— Collected material —
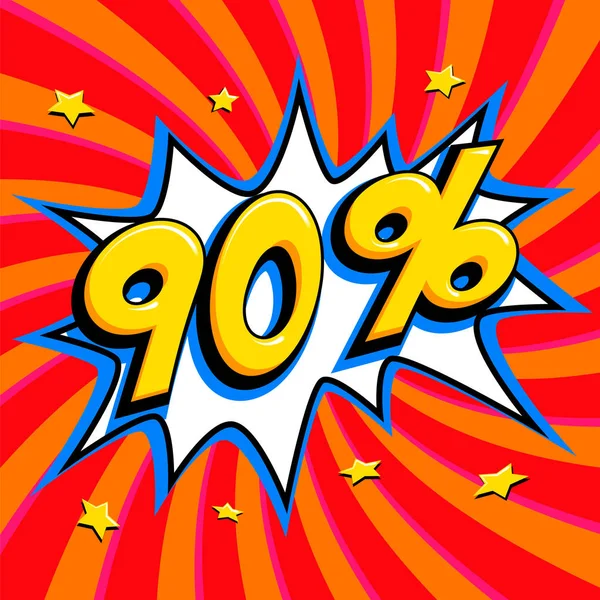 Bannière web rouge de vente. Pop art bande dessinée vente rabais promotion bannière. Grand fond de vente. Soldes 90 off sur un style pop-art BD forme bang sur fond rouge torsadé. Rabais saisonniers, Black Friday — Image vectorielle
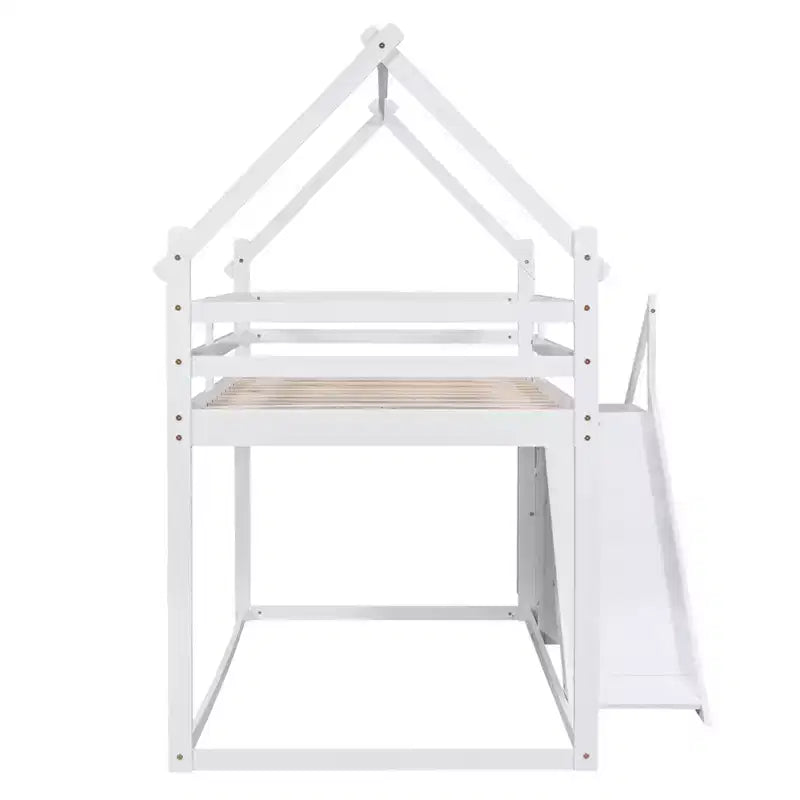 House Bunk Beds with Slide and Storage Stairs, Kids Wood Twin over Twin Bunk Bed with Roof and Stairs for Girls Boys – Image 23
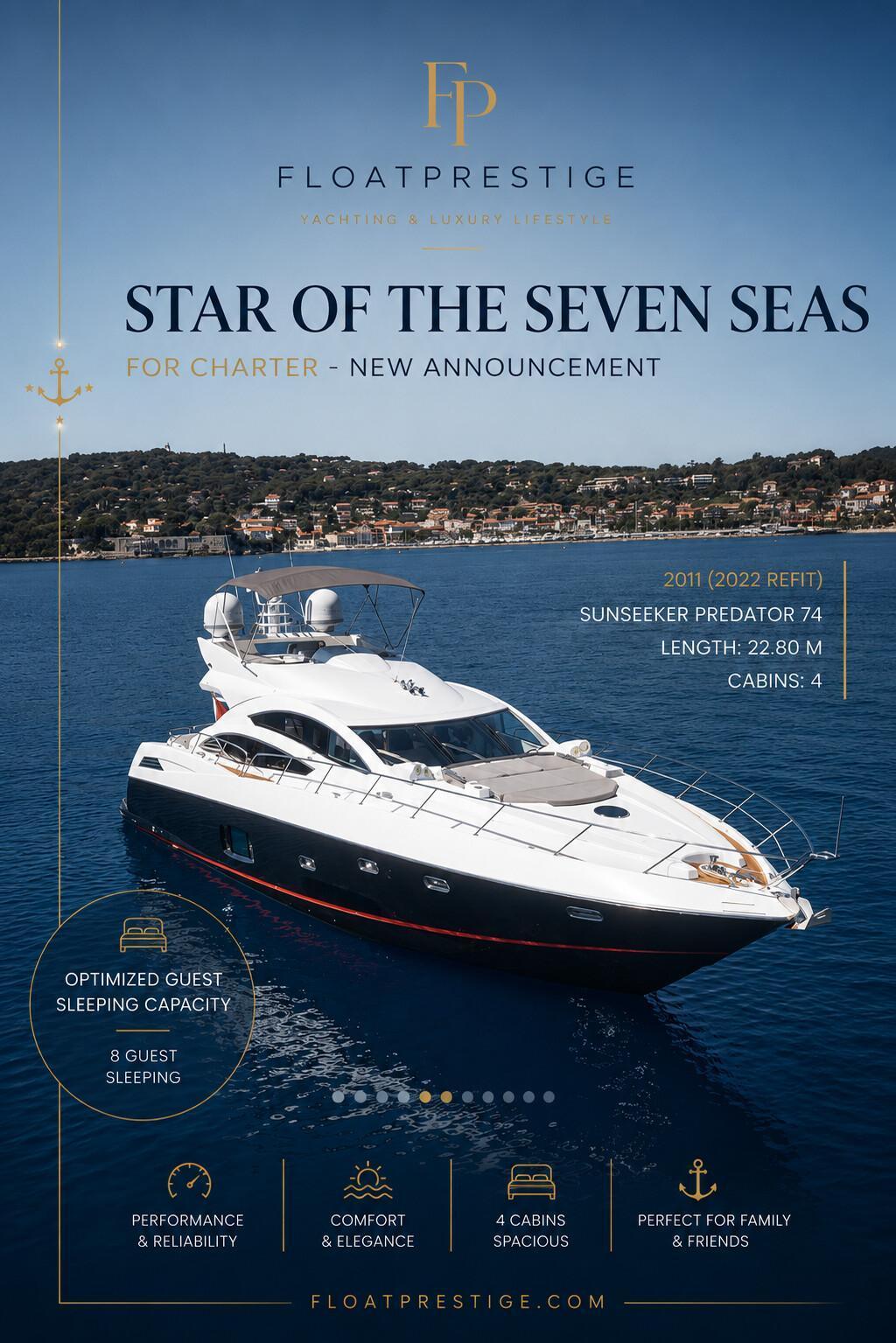 STAR OF THE SEVEN SEAS - Sunseeker Predator 74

— Assignment —
Repeat the data in full, exactly as it stands, but drop every picture.

— Solution below —
 Bannière web rouge de vente. Pop art bande dessinée vente rabais promotion bannière. Grand fond de vente. Soldes 90 off sur un style pop-art BD forme bang sur fond rouge torsadé. Rabais saisonniers, Black Friday — Image vectorielle
 House Bunk Beds with Slide and Storage Stairs, Kids Wood Twin over Twin Bunk Bed with Roof and Stairs for Girls Boys – Image 23
 STAR OF THE SEVEN SEAS - Sunseeker Predator 74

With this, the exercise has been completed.